Business can seek commercial debt counseling for debt elimination and avoiding bankruptcy. Certified counselors review the business’ financial situation and create an affordable debt repayment plan.
Taking money from a business or personal emergency account can help eliminate debt and boost a business’ credit rating after the debt is paid off. But taking money from a personal savings account may be insufficient to pay off overwhelming commercial debt.
A debt consolidation loan is another borrowing option. Qualifying for a commercial debt consolidation is more difficult than getting a personal debt consolidation loan because a much larger amount is needed for the business organization. A commercial budget needs to be submitted to assure the lender that the business will rebound, and the loan will be timely repaid. Lenders may agree to loans with lower interest rates and payment consolidation into a single monthly obligation.
Sometimes you may be able to negotiate with your creditors to lower the outstanding balance and make it easier to pay off. A professional debt arbitrator can also lower the balance to a more reasonable amount.
Reliable debt settlement companies have convinced creditors to reduce business debt by 40 to 60 percent. The business must pay off the agreed-upon amount in a lump sum payment, however. Creditors are more willing to agree to these proposals if they believe the business will undergo bankruptcy which can lead to greater creditor losses after the debtor business pays off secured loans.

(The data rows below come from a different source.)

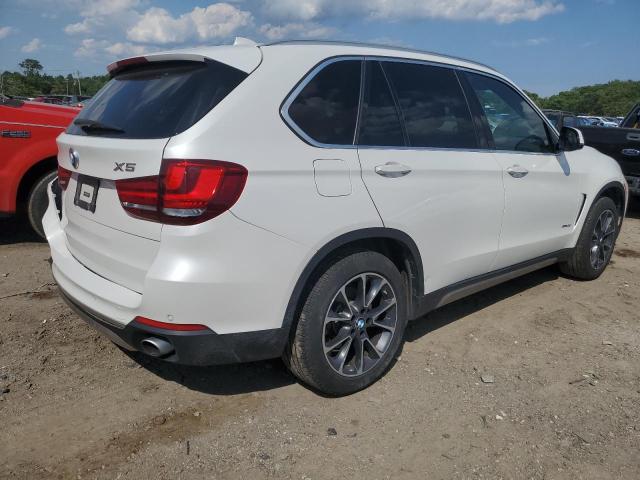 VIN 5UXKR0C50H0U55365 2017 BMW X5, Xdrive35I no.3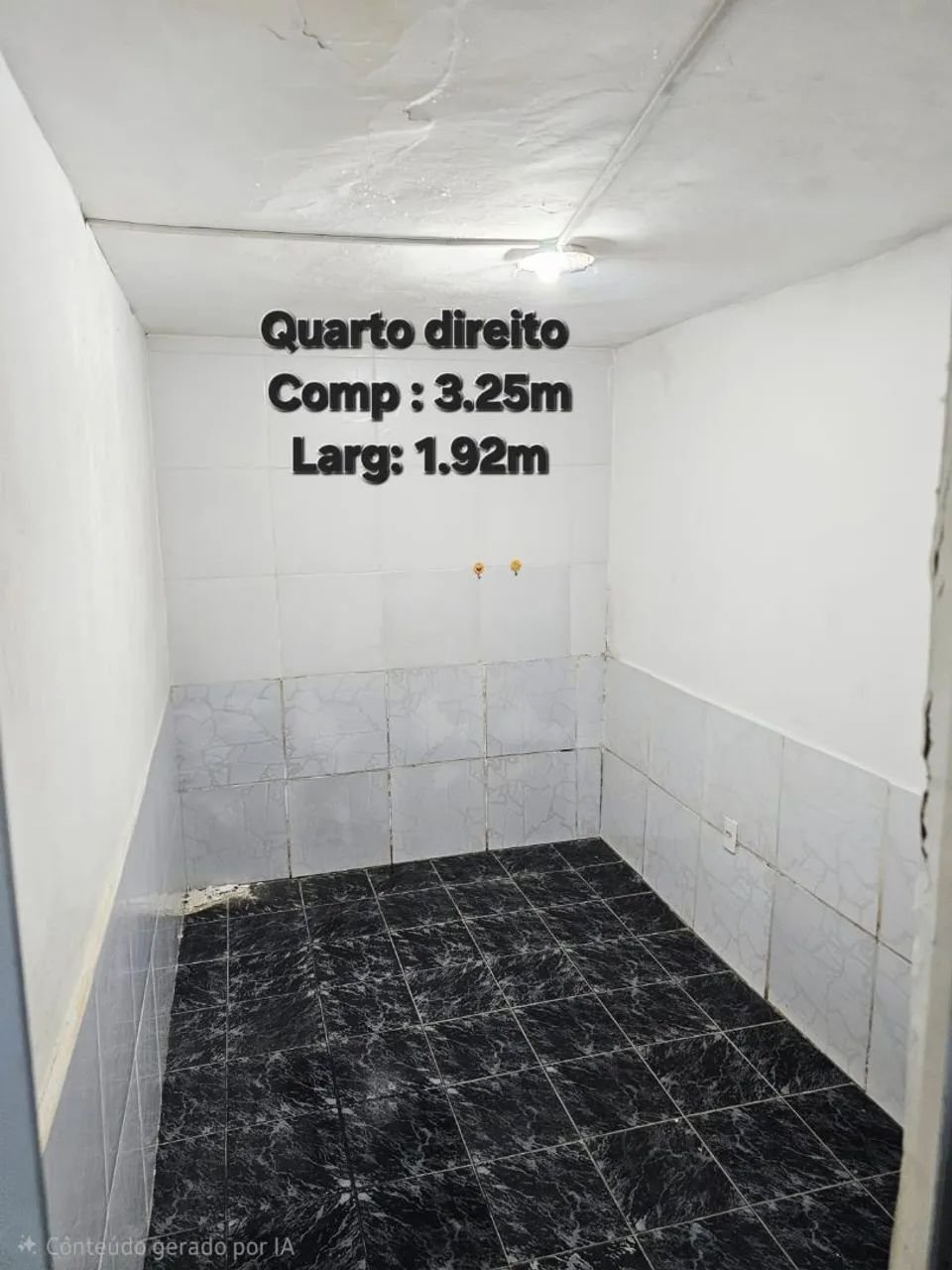 Foto Casa - Comendador Soares Comendador Soares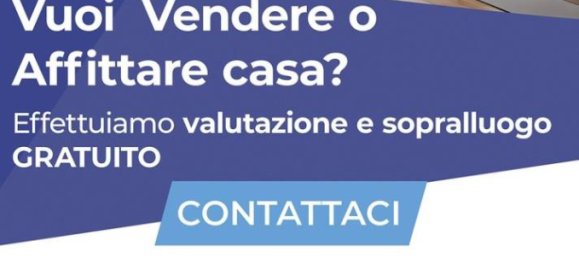 1 غرف نوم شقة في L'Aquila, Italy رقم 310512 29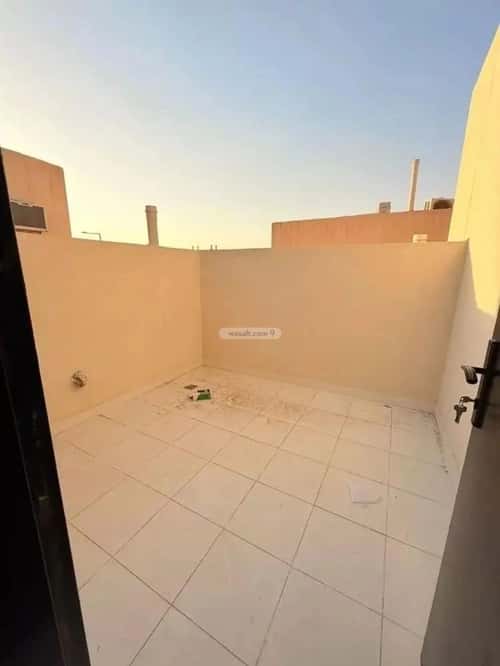 6 bedroom villa in Al Uraija Al Gharbi 5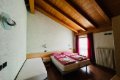 Rezidencia Gipeto, Livigno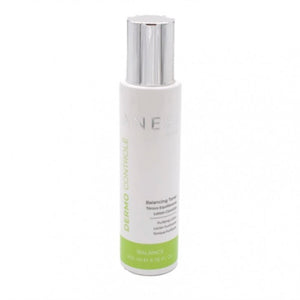 Dermo Controle. Balancing Toner - ANESI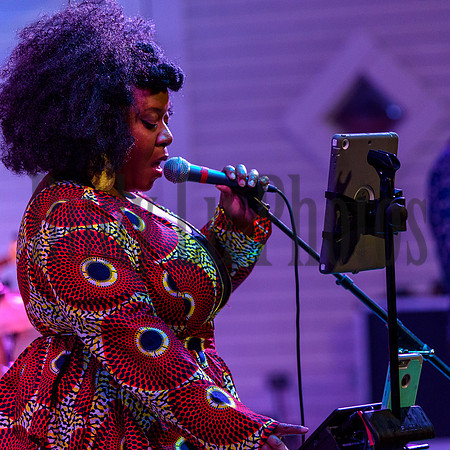 Lake George Jazz Fest2019-1306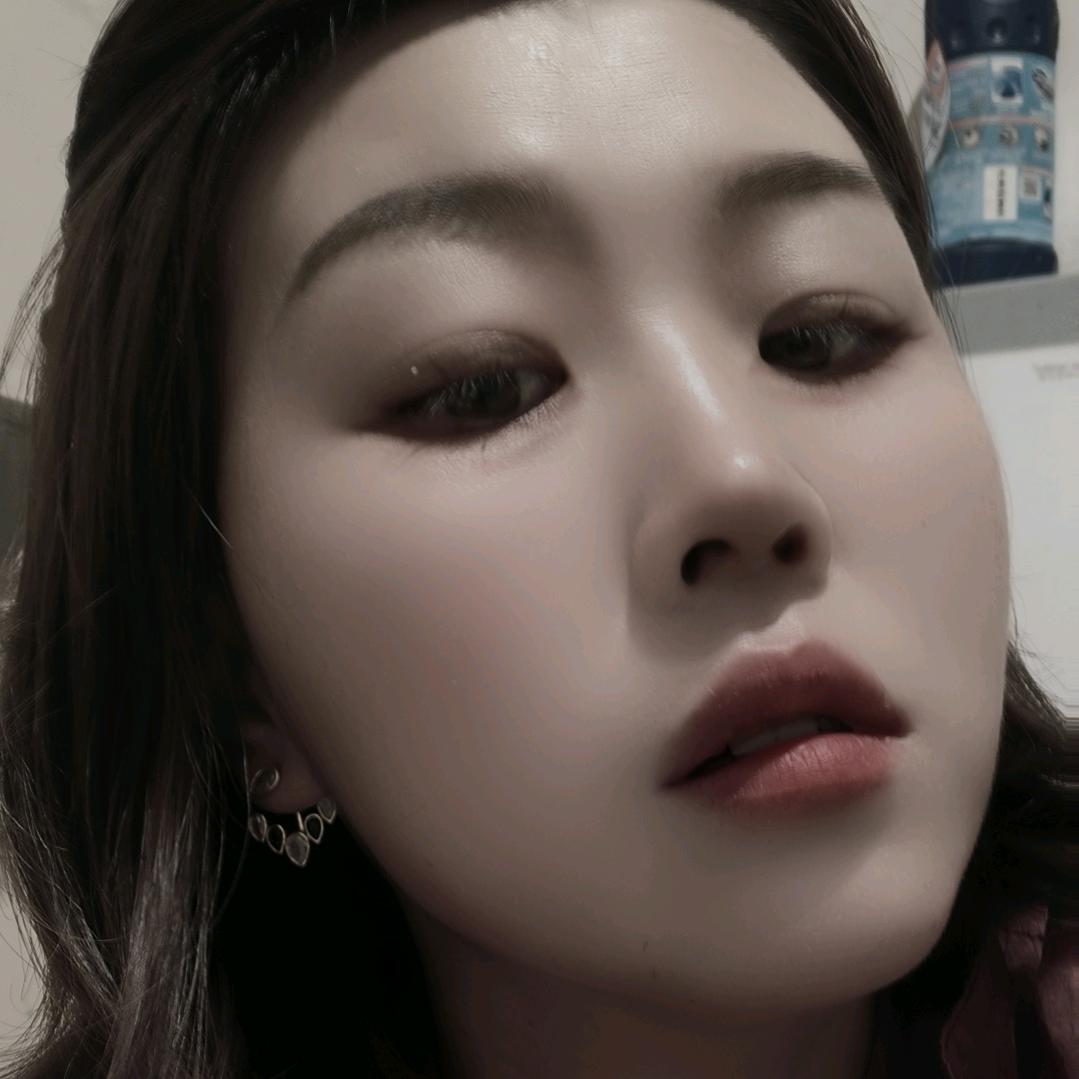 多囍樂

This may be the time to reexamine the business budget. Allot part of the budget to variable expenses such as manufacturing materials. Watch where money is being spent.
Likewise, lower your costs. Saved money may be used to pay off debt and raise your credit rating. Consider selling off underused equipment.
Paying off high-interest debt
Your clients and customers should be held accountable for any money owed to your business. Increased collection efforts of delinquent accounts can raise funds for paying off high-interest debt.
Do not transfer company assets
Transferring company assets to friends and family members to keep them hidden from creditors and lenders is not an option. Lenders are prepared to trace transactions and retrieve property. Illegitimate transfers can lead to civil or even criminal actions.
Bankruptcy or sale
If everything else does not work, it may be necessary to sell the business, liquidate its assets, and file for bankruptcy. There may be times that bankruptcy is not an option, and the business should be sold.
Before declaring bankruptcy, renew your insurance contract because many carriers are reluctant to provide insurance for firms that file for Chapter 11 or Chapter 13 bankruptcies. If your insured business continues to make regular payments, the carrier cannot cancel its policy.
Starting up a small business requires loans and keeping it established requires financing. This can lead to further debt which may grow during shutdowns and lower consumer activity. Cutting down business costs can help reduce funding and save money which can be used to pay off debt. Attorneys can also provide legal options to help protect your business.